A concentrated vertical load $$(P)$$ is applied at the center of a 10 m long, simply supported beam with a plastic-moment capacity, $$M^P$$, of 25 kN-m. The system, along with the shear-force and bending-moment distributions, is shown in Figure 1. From these shear and moment diagrams, we find that the specified plastic-moment capacity corresponds with a maximum vertical load of 10 kN and a maximum shear force of 5 kN. If we apply a constant vertical velocity to the beam center, we expect that the limiting values of moment and shear force will be 25 kN-m and 5 kN, respectively.

Particular Problem

The particular problem to be considered is defined as follows. The beam has a 10-m length ($$L = 10 \textrm{ m}$$), and a rectangular cross section with $$b = 1.0 \textrm{ m}$$ and $$d = 100 \textrm{ mm}$$. The cross-sectional properties (obtained via the expressions in Figure 1) are

$\begin{split}\begin{gather} A = 0.1 \textrm{ m}^2 \\ I_y = 8.33 \times 10^{-3} \textrm{ m}^4, \quad I_z = 8.33 \times 10^{-5} \textrm{ m}^4 \\ J = 3.12 \times 10^{-4} \textrm{ m}^4 \end{gather}\end{split}$

where the constant $$c_2 = 0.312$$ (Crandall et al., 1978, Table 6.1). The beam is comprised of structural steel, and is assumed to behave as an isotropic elastic material with

$E = 200 \textrm{ GPa}, \quad \nu = 0.30$

The properties $$\{ A, I_y, J, \nu \}$$ are not relevant for this problem; however, they are needed as input for the FLAC3D model.
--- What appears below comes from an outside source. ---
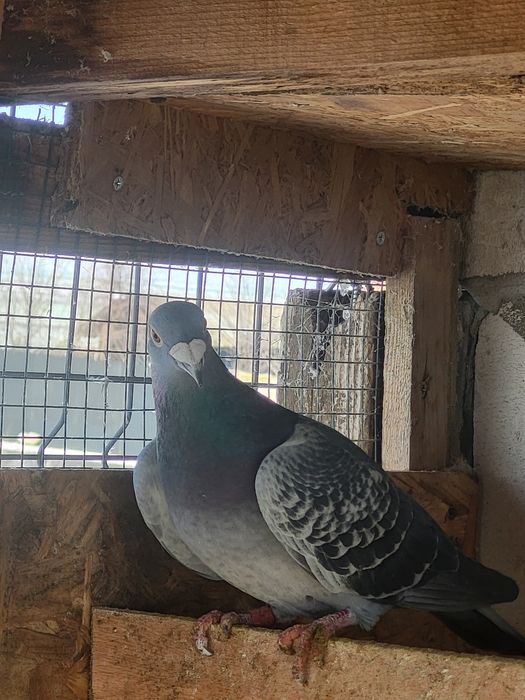 Voiajori de concursuri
FLAC3D Models, Results and Discussion

Single-Node Method

The FLAC3D model demonstrating the single-node method (see “PlasticBeamHinge-Single.dat”) is created by issuing a single structure beam create command and specifying two segments. This produces a model containing 2 elements and 3 nodes, with both elements sharing the center node as shown in Figure 2. The beam is assigned the properties listed above and, in addition, the plastic-moment capacity is set to 25 kN-m. The beam element coordinate system is aligned with the global coordinate system by setting the direction-y property equal to $$(0,1,0)$$. Simple supports are specified at the beam ends by restricting translation in the $$y$$-direction. A constant vertical velocity is applied to the center node, and the moment and shear force acting at the right end of element 1 are monitored during the calculation to determine when the limiting values have been reached. Note that we specify combined local damping for this problem in order to eliminate the ringing that can occur with the default local damping scheme when the system is being driven by a constant motion.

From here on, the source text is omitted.